Required work => Set down the entries below exactly, leaving out all images.
:: Given data ::
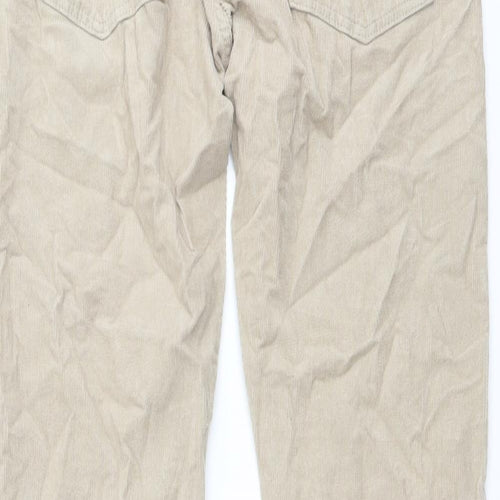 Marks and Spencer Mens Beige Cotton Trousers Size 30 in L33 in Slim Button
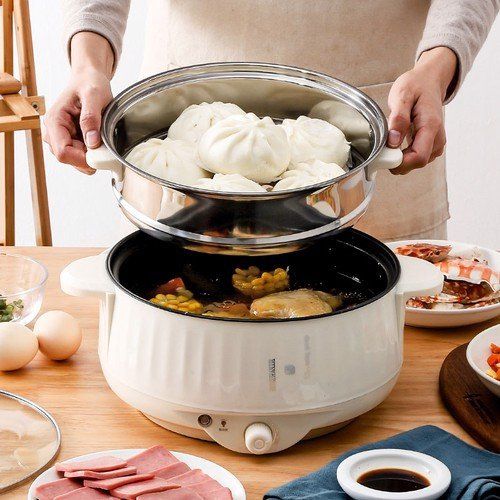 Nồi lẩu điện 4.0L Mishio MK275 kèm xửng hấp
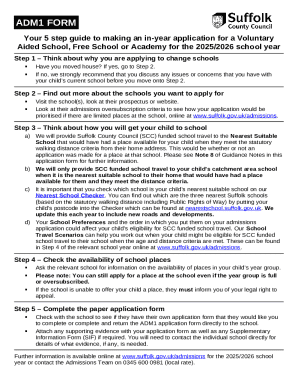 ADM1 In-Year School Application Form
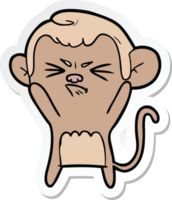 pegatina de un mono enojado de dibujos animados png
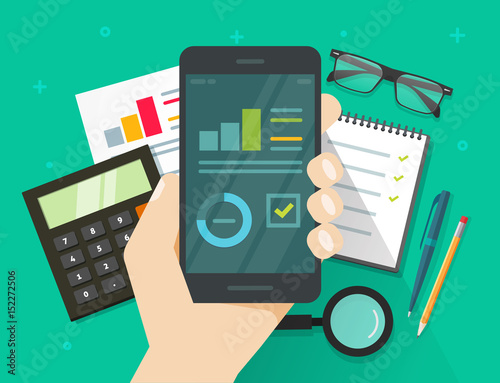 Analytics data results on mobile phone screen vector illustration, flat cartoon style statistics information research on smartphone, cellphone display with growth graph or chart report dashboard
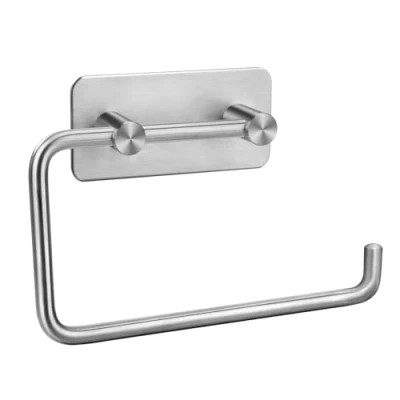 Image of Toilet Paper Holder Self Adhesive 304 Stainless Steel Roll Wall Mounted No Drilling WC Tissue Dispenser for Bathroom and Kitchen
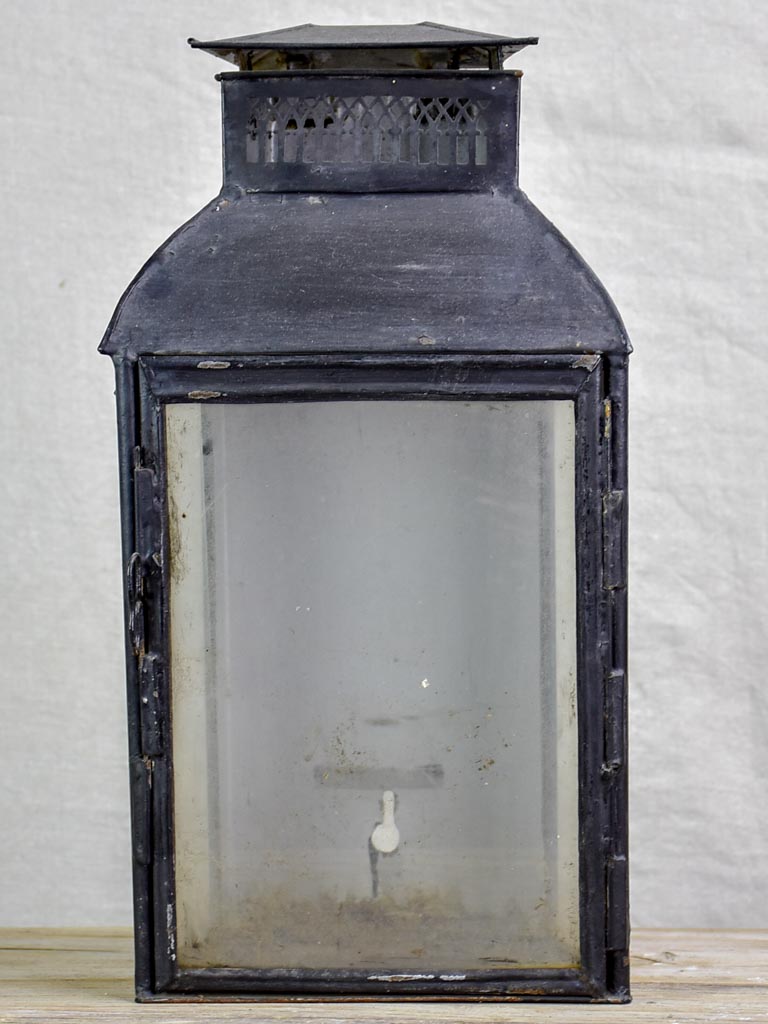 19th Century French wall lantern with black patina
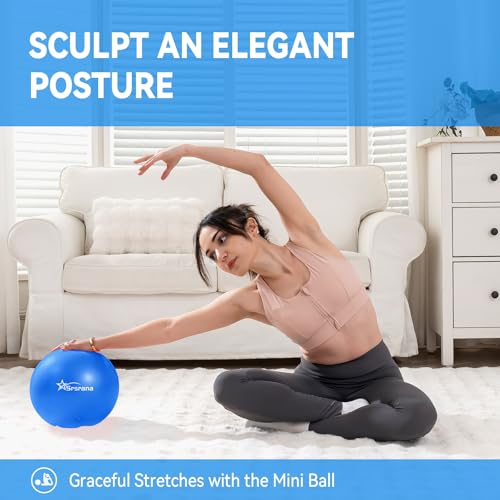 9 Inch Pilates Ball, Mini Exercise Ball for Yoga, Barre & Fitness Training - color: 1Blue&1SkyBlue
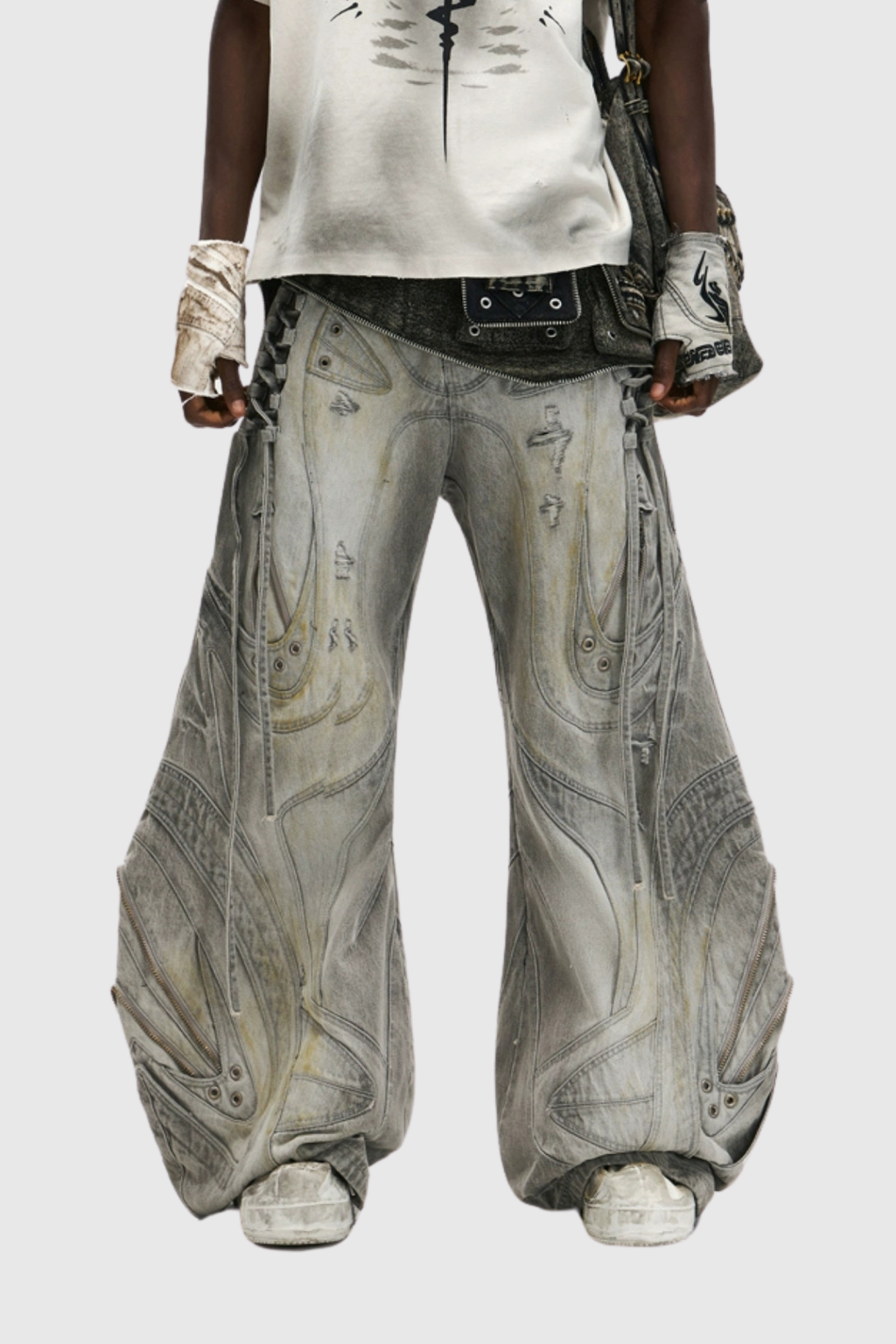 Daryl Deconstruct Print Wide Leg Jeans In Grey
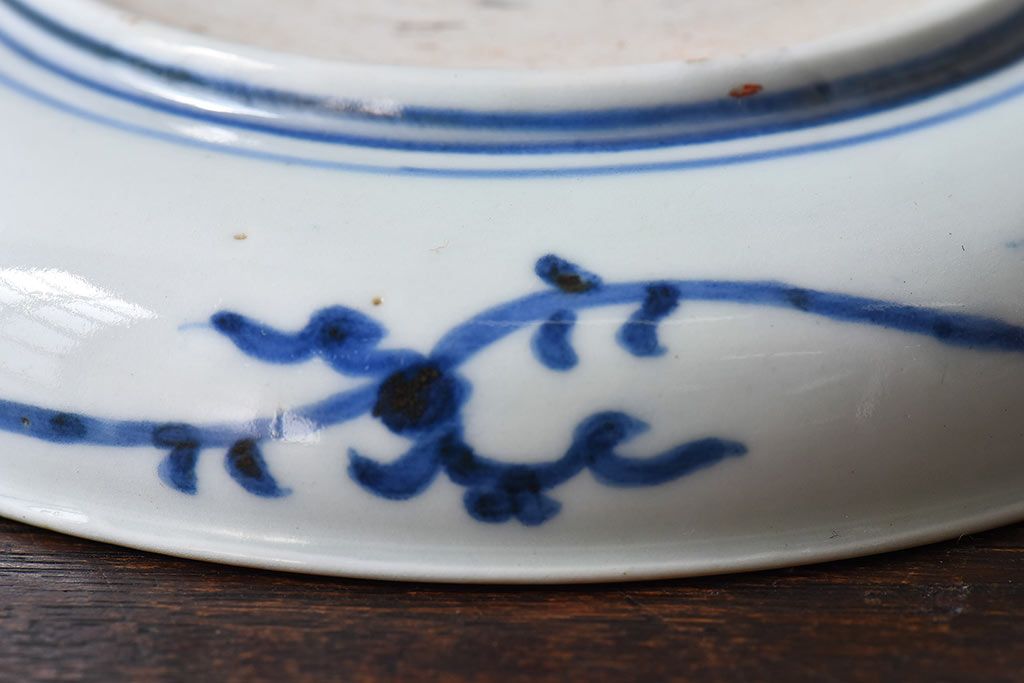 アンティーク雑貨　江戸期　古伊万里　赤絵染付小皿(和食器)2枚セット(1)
:::
Written solution =>
 Marks and Spencer Mens Beige Cotton Trousers Size 30 in L33 in Slim Button
 Nồi lẩu điện 4.0L Mishio MK275 kèm xửng hấp
 ADM1 In-Year School Application Form
 pegatina de un mono enojado de dibujos animados png
 Analytics data results on mobile phone screen vector illustration, flat cartoon style statistics information research on smartphone, cellphone display with growth graph or chart report dashboard
 Image of Toilet Paper Holder Self Adhesive 304 Stainless Steel Roll Wall Mounted No Drilling WC Tissue Dispenser for Bathroom and Kitchen
 19th Century French wall lantern with black patina
 9 Inch Pilates Ball, Mini Exercise Ball for Yoga, Barre & Fitness Training - color: 1Blue&1SkyBlue
 Daryl Deconstruct Print Wide Leg Jeans In Grey
 アンティーク雑貨　江戸期　古伊万里　赤絵染付小皿(和食器)2枚セット(1)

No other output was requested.